Exercise objective »
For the material below, the expected output is exactly the lines between the line holding "WAVLINK WL-WNF100X3NR-B Com" and the line holding "Antique Country Farm", inclusive, with pictures left out.

Source material »
____________________
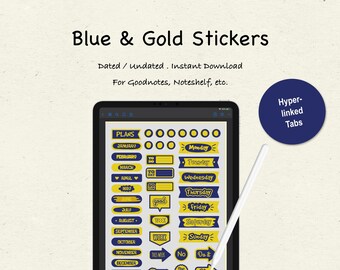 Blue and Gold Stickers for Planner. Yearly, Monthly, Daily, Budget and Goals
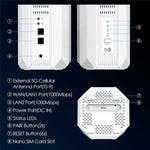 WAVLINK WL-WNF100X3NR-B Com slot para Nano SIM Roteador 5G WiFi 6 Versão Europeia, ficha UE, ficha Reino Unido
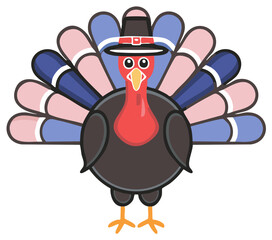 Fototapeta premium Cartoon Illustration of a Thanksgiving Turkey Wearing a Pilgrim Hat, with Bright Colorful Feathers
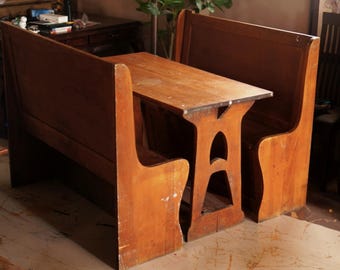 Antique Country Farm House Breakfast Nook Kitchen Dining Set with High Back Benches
____________________
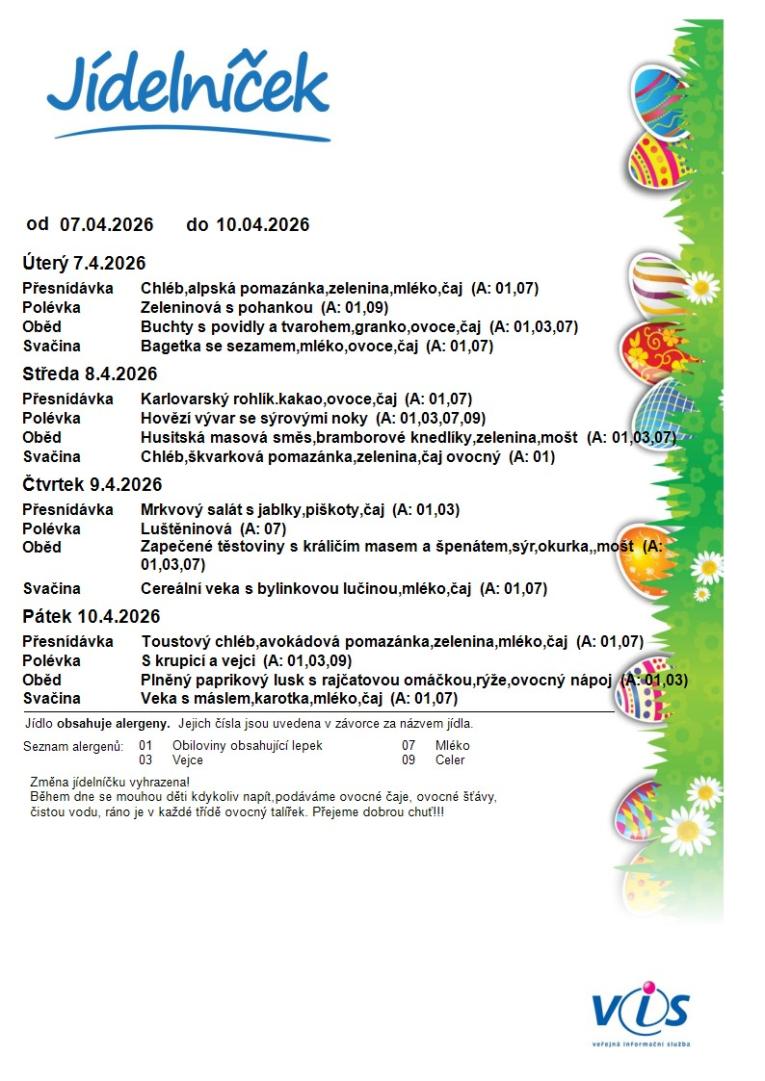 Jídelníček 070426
____________________
Result of this task »
 WAVLINK WL-WNF100X3NR-B Com slot para Nano SIM Roteador 5G WiFi 6 Versão Europeia, ficha UE, ficha Reino Unido
 Fototapeta premium Cartoon Illustration of a Thanksgiving Turkey Wearing a Pilgrim Hat, with Bright Colorful Feathers
 Antique Country Farm House Breakfast Nook Kitchen Dining Set with High Back Benches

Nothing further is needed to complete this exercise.